Only a fraternity of freedom-minded men (and some women) could come together to scare the political class witless like that. They were scared to such an extent that Labor leader and current MP Bill Shorten had to go on the air and baselessly call CFMEU members neo-Nazis, comically blind to the irony.
This wasn’t the first time Shorten had betrayed the workers he purports to stand for, of course. As a union boss himself, he sneakily sold out the lowest-paid workers in the country, negotiating worse pay and conditions than they already had, in return for kickbacks from employers. Shorten also funneled union money to far-left activist group GetUp, whose campaigns against coal mining, amongst other causes, directly attack union members’ jobs.
Shorten is just the small, nasty avatar of a wider rot in the left: while pretending to champion the poor and working-class, the left is uniformly university-educated, middle and upper-class. And they not-so-subtly despise the working-class, whom they sneer at as uneducated “deplorables”.
While the working class may not be indoctrinated by university-education groupthink, they have a long streak of plain common sense that puts the elites to shame. As Orwell said, they’re simply not fool enough to believe the nonsense so beloved of the “intelligentsia”.
Among all this middle class moralising and senseless globalist chatter burped out by our leaders, the working class are increasingly the ones with the smarts, sense, and strength to stand up and say what’s right. It’s time for Australia’s workers to start shouting again. Not just for the good of themselves, but for the good of the country.
Non-graduates are overwhelmingly sceptical of Climate Change. They reject Big Australia. They recognise that 20-30 years of uninterrupted mass migration has indeed grown the size of the economic pie, but reduced working people’s share. They’ve seen their wages stagnate at a time when corporate earnings have skyrocketed. They’ve watched their home-owning dreams crumble while the top end of town buys the block. They tend to their shrinking gardens as crime runs rampant and dole-bludgers get double pay. And they’re left scratching their heads, wondering why the media says nothing.

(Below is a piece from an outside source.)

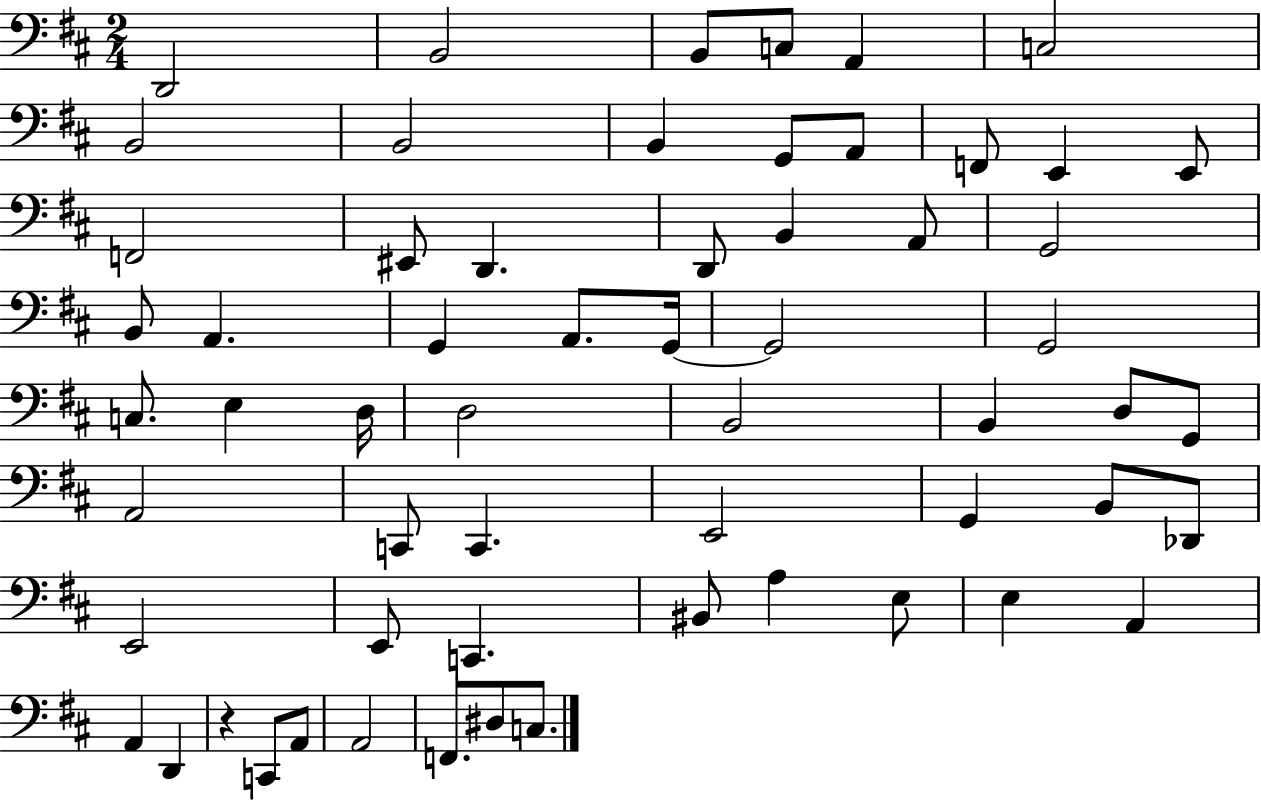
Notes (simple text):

D2/h B2/h B2/e C3/e A2/q C3/h B2/h B2/h B2/q G2/e A2/e F2/e E2/q E2/e F2/h EIS2/e D2/q. D2/e B2/q A2/e G2/h B2/e A2/q. G2/q A2/e. G2/s G2/h G2/h C3/e. E3/q D3/s D3/h B2/h B2/q D3/e G2/e A2/h C2/e C2/q. E2/h G2/q B2/e Db2/e E2/h E2/e C2/q. BIS2/e A3/q E3/e E3/q A2/q A2/q D2/q R/q C2/e A2/e A2/h F2/e. D#3/e C3/e.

Because the media are part of the elite, clustered into the fashionable inner-city terraces of Melbourne, or in the case of the ABC, within cycling distance of the ultra-exclusive Sydney harbourside enclave of Ultimo. In a you-just-couldn’t-make-it-up moment, an ABC executive sent journalists out to discover “the other Australia”… all of 10kms away, to Bankstown.
On the other side of the tracks, as the recent election proves, the rich and highly educated have mostly lost their minds. Dwelling on far away and fanciful abstractions, the wealthiest electorates in Australia have overwhelmingly chosen to vote for the high-taxing Teals and big-government Greens. In the cities, rainbow flags drape over offices, lobbies, necks and corporate logos. Rather than celebrate the country that gave them their riches and comfort in the first place, they instead choose to try and destroy it, with inner-city councils fighting to change the one day a year we might all come together in celebration.
The great monomania of the left is “diversity”: try and spot any diversity in a Greens-voting suburb. In the Greens’ Melbourne epicentre, Fitzroy, the white, wealthy Greens voters actively flee the diversity of the nearby Housing Commission towers, where their beloved refugees actually live. Instead of sending their kids to nearby Fitzroy Primary, with the highest concentration of African kids in Australia, the privileged white Greens voters load their precious offspring into their SUVs and drive them to exclusive (and nearly entirely white) private schools several suburbs away.
There’s a clear divide between top and bottom here, and something is seriously wrong at the top. I strongly believe in the future of this country, but as others have noted, our leaders are failing us. If we’re to get Australia back on track, the people who build the country may also need to run the country.Spectator Australia
Well, don’t look to Labor for that. The last Labor politician to ever hold a job outside politics, John Faulkner (and he was a white-collar teacher), retired years ago.